# IoT-23 Dataset Analysis

* **Author:** Patrik Goldschmidt (igoldschmidt@fit.vut.cz)
* **Project:** Network Intrusion Datasets: A Survey, Limitations, and Recommendations
* **Date:** 2024

In [1]:
import pandas as pd
import numpy as np
import os

pd.set_option('display.max_columns', None)

In [2]:
# Select a root directory after unpacking the data (small dataset, we analyzed big dataset with PCAPs in command line)
ROOT_DIR = '/data/disk2/iot23/opt/Malware-Project/BigDataset/IoTScenarios/'

## Preparation

In [3]:
# There are several IoT-23 capture scenarios
os.listdir(ROOT_DIR)

['CTU-Honeypot-Capture-5-1',
 'CTU-IoT-Malware-Capture-48-1',
 'CTU-IoT-Malware-Capture-39-1',
 'CTU-IoT-Malware-Capture-17-1',
 'CTU-IoT-Malware-Capture-43-1',
 'CTU-IoT-Malware-Capture-3-1',
 'CTU-IoT-Malware-Capture-21-1',
 'CTU-Honeypot-Capture-4-1',
 'CTU-IoT-Malware-Capture-60-1',
 'CTU-IoT-Malware-Capture-35-1',
 'CTU-IoT-Malware-Capture-9-1',
 'CTU-IoT-Malware-Capture-44-1',
 'CTU-IoT-Malware-Capture-8-1',
 'CTU-IoT-Malware-Capture-7-1',
 'CTU-IoT-Malware-Capture-33-1',
 'CTU-IoT-Malware-Capture-42-1',
 'CTU-IoT-Malware-Capture-49-1',
 'CTU-IoT-Malware-Capture-36-1',
 'CTU-IoT-Malware-Capture-20-1',
 'CTU-IoT-Malware-Capture-34-1',
 'CTU-IoT-Malware-Capture-1-1',
 'CTU-IoT-Malware-Capture-52-1',
 'CTU-Honeypot-Capture-7-1']

In [4]:
# We further select one honeypot and one malware capture for further analysis
PATH_HONEYPOT = os.path.join(ROOT_DIR, 'CTU-Honeypot-Capture-4-1/bro/conn.log.labeled')
PATH_MALWARE  = os.path.join(ROOT_DIR, 'CTU-IoT-Malware-Capture-49-1/bro/conn.log.labeled')

In [5]:
# Data are in a bro format, how do they look like?
!head -n 15 $PATH_HONEYPOT

#separator \x09
#set_separator	,
#empty_field	(empty)
#unset_field	-
#path	conn
#open	2019-12-05-15-46-36
#fields	ts	uid	id.orig_h	id.orig_p	id.resp_h	id.resp_p	proto	service	duration	orig_bytes	resp_bytes	conn_state	local_orig	local_resp	missed_bytes	history	orig_pkts	orig_ip_bytes	resp_pkts	resp_ip_bytes	tunnel_parents   label   detailed-label
#types	time	string	addr	port	addr	port	enum	string	interval	count	count	string	bool	bool	count	string	count	count	count	count	set[string]   string   string
1540469302.538640	CGm6jB4dXK71ZDWUDh	192.168.1.132	58687	216.239.35.4	123	udp	-	0.114184	48	48	SF	-	-	0	Dd	1	76	1	76	-   benign   -
1540469197.400159	CnaDAG3n5r8eiG4su2	192.168.1.132	1900	239.255.255.250	1900	udp	-	160.367579	7536	0	S0	-	-	0	D	24	8208	0	0	-   benign   -
1540469385.734089	CUrxU238nt0m6yTgKf	192.168.1.132	32893	216.239.35.8	123	udp	-	0.016986	48	48	SF	-	-	0	Dd	1	76	1	76	-   benign   -
1540469831.302625	CGQf8t1kjdxB5PHXL4	192.168.1.132	53395	2.16.60.82	443	tcp	-	0.003497	0	0	SF

Essentially, we need need to select the separataror as tab character, strip all lines starting with `#` character.
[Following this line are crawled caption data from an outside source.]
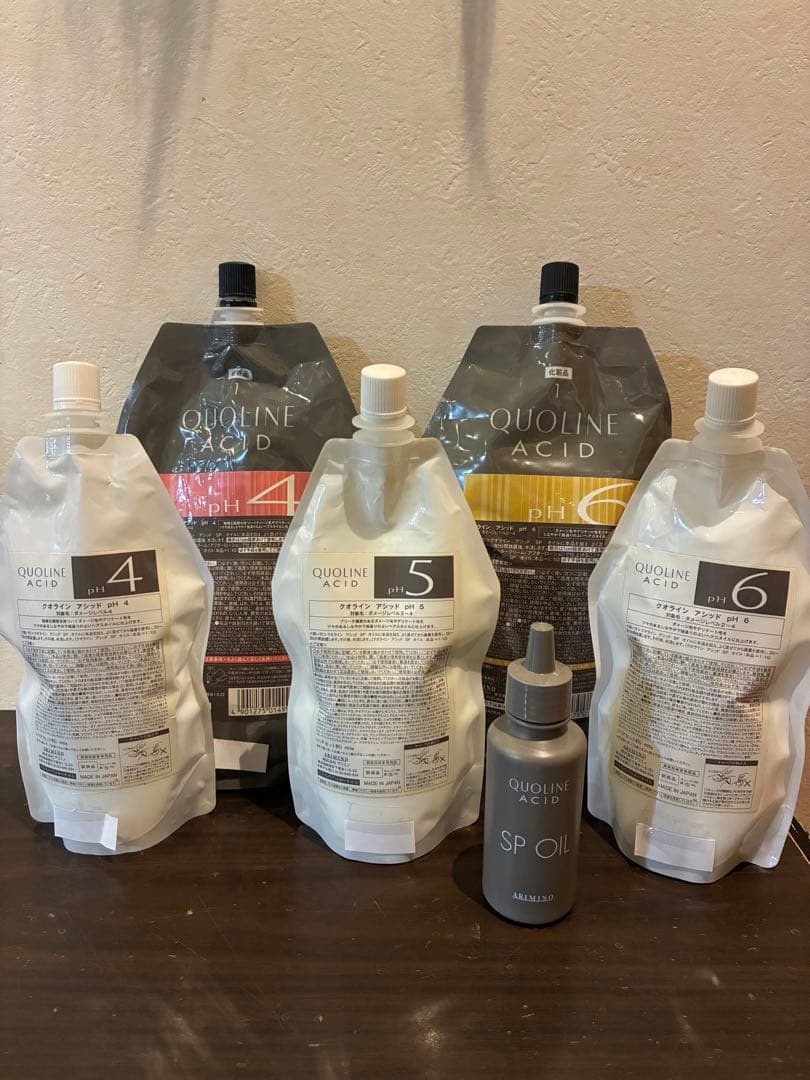◆新品使用品◆クオラインアシッド QUOLINE ACID 酸性縮毛矯正　オイル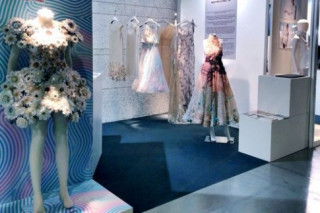 Công Trí giới thiệu gian hàng Haute Couture tại Italy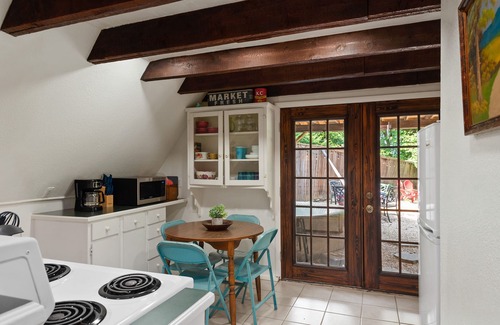 Beaver Shores House | Fall Calendar NOW Open Beaver Lake AFrame Hot Tub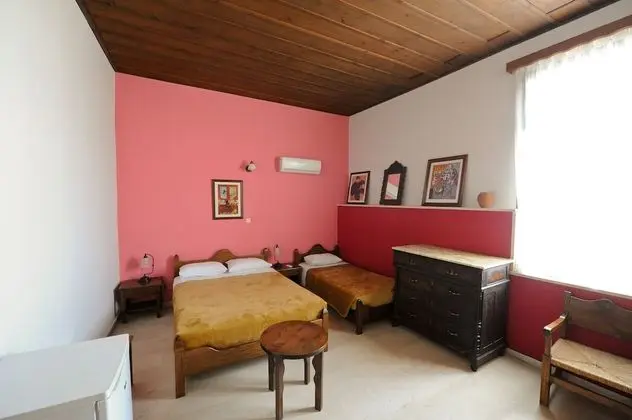 Üç Kişilik Oda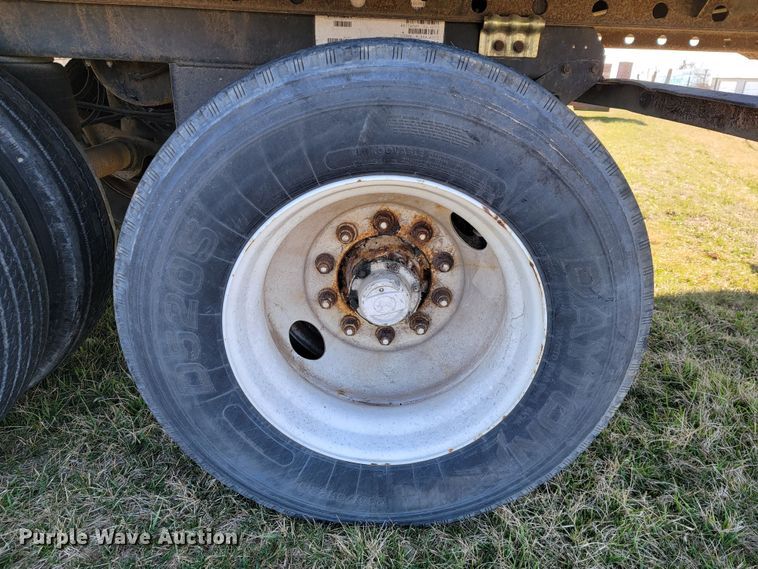 image for item JL9330 2006 Wabash  refrigerated van trailer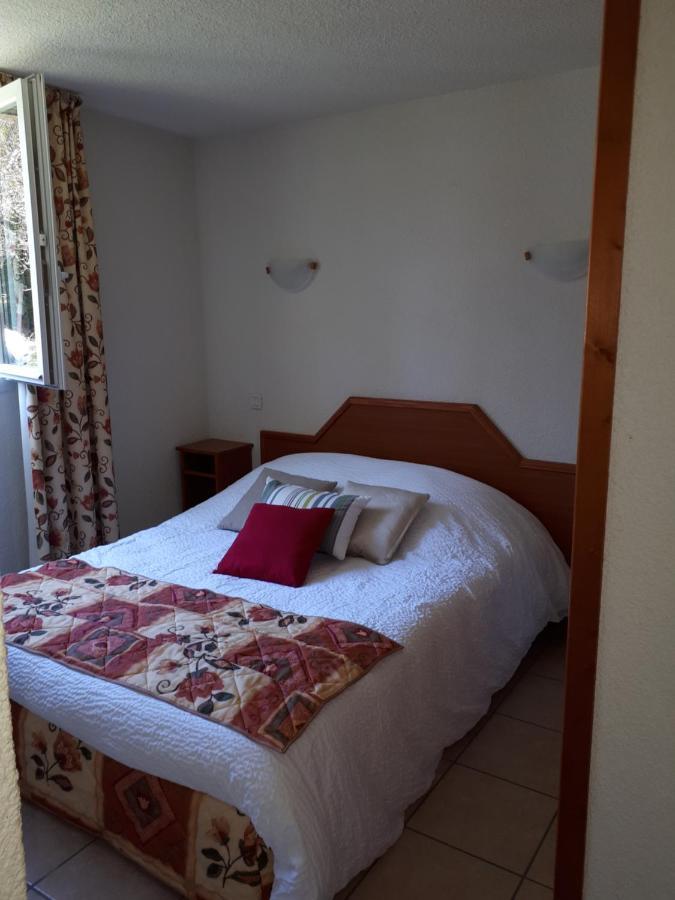 Logis Hotel Le Ceans Orpierre Luaran gambar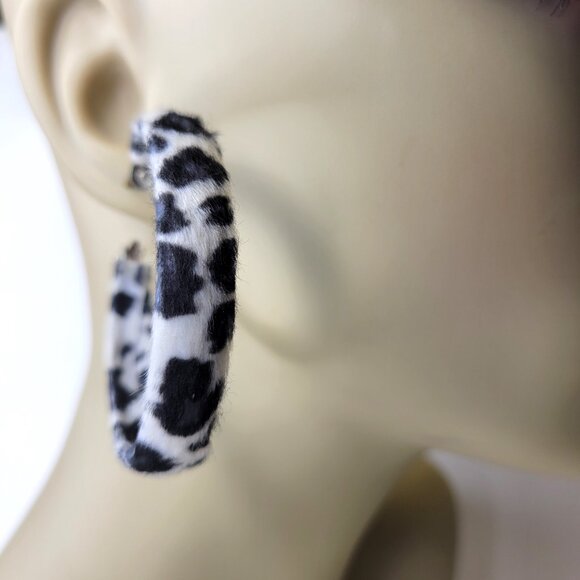 Leopard Print Earrings Animal Print Fuzzy Earrings - Picture 2 of 6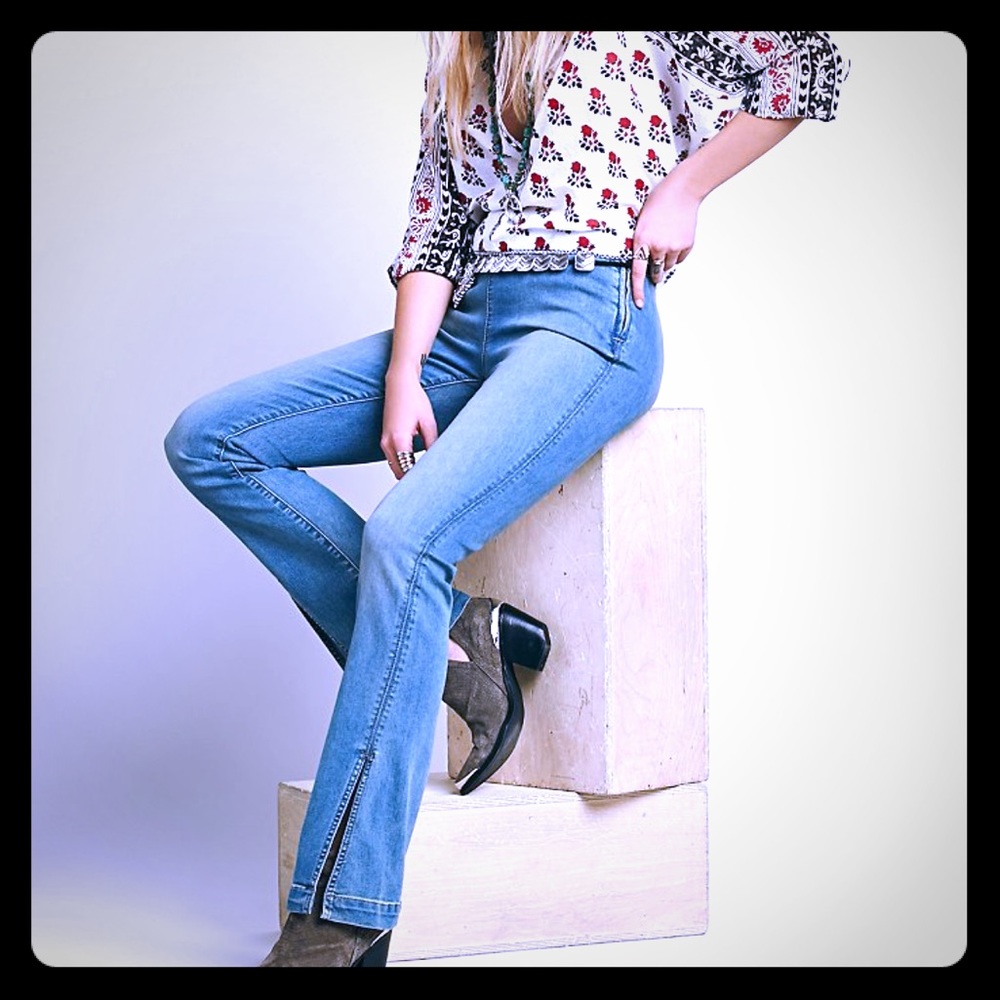 Free people slit flare jeans size 30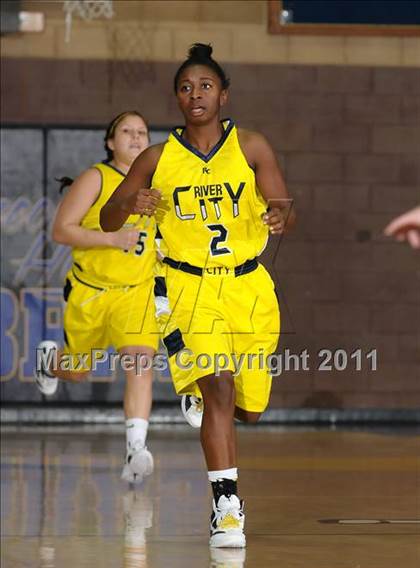 Thumbnail 2 in River City vs. Wheatland (Lincoln Invitational) photogallery.
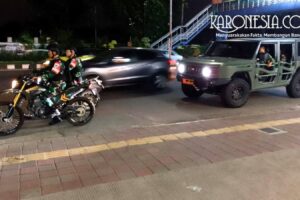 Personel Kodim 0506/Tangerang patroli malam menggunakan kendaraan Maung dan motor.
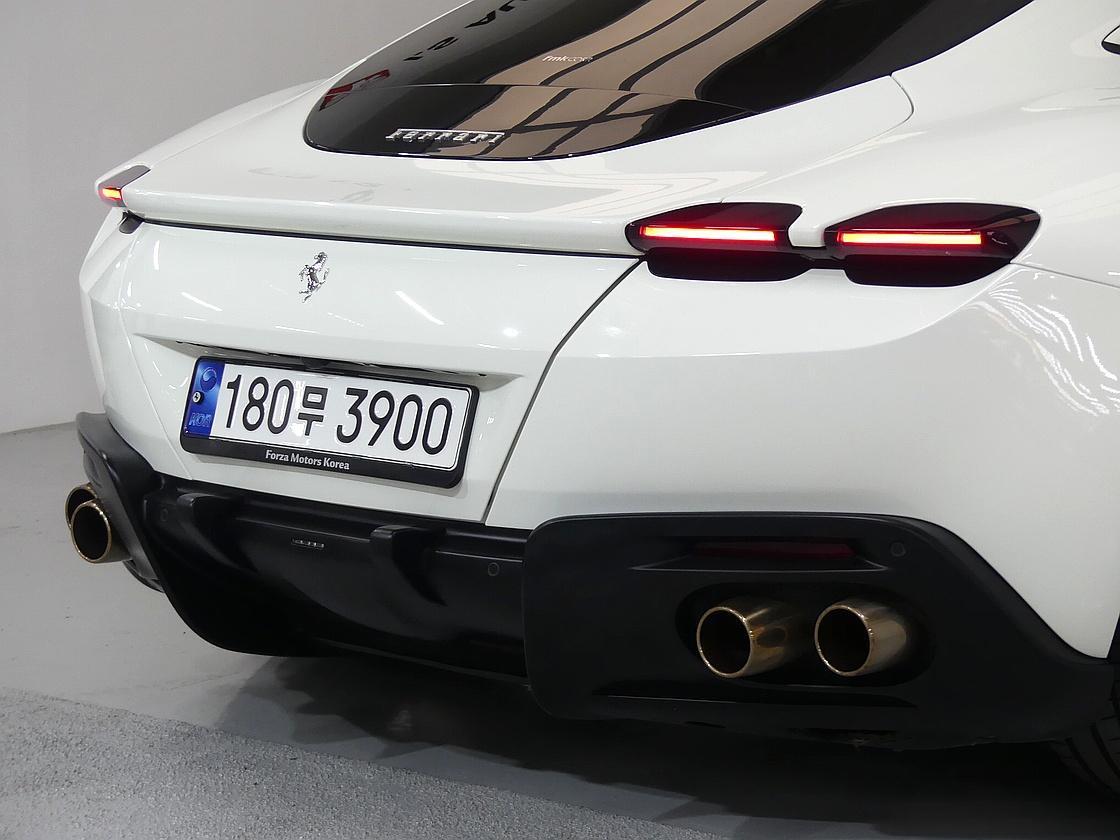 페라리 로마 3.9 V8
The fields will be copied from there and added manually during data loading.

In [6]:
IOT23_FEATURES = [
    'ts',
    'uid',
    'id.orig_h',
    'id.orig_p',
    'id.resp_h',
    'id.resp_p',
    'proto',
    'service',
    'duration',
    'orig_bytes',
    'resp_bytes',
    'conn_state',
    'local_orig',
    'local_resp',
    'missed_bytes',
    'history',
    'orig_pkts',
    'orig_ip_bytes',
    'resp_pkts',
    'resp_ip_bytes',
    'tunnel_parents',
    'label',
    'detailed-label',
]

In [7]:
# I also tried this, but the data does not contain values, but sometimes "-" as a value
# The data would require more cleaning in order to apply correct datatypes - keeping as is for this analysis
IOT23_TYPES = {
    'ts':  np.float32,
    'uid' : str,
    'id.orig_h' : str,
    'id.orig_p': np.int32,
    'id.resp_h': str,
    'id.resp_p': np.int32,
    'proto': str,
    'service': str,
    'duration': np.float32,
    'orig_bytes': np.uint16,
    'resp_bytes': np.uint16,
    'conn_state': str,
    'local_orig': str,
    'local_resp': str,
    'missed_bytes': np.uint16,
    'history': str,
    'orig_pkts': np.uint16,
    'orig_ip_bytes': np.uint16,
    'resp_pkts': np.uint16,
    'resp_ip_bytes': np.uint16,
    'tunnel_parents': str,
    'label': str,
    'detailed-label': str,
}

In [8]:
# Therefore, in order to prepare a file, we need to strip asll its metadata lines (delimited with #)
# We further discovered, that label features (apparently added later, not by bro) are not delimited by a tab character, but spaces
# This data quality is frustrating, but well, spaces need to be converted to tabs before proceeding
import re

def prepare_iot23_file(file_orig, file_new) -> None:
    """Prepares IoT-23 files. However, the whole file needs to be loaded into RAM, which might be infeasible for larger captures.
    Adjust the code if needed."""
    new_contents = None
    old_contents = None

    # Read the original file
    with open(file_orig, 'r') as in_file:
        old_contents = in_file.readlines()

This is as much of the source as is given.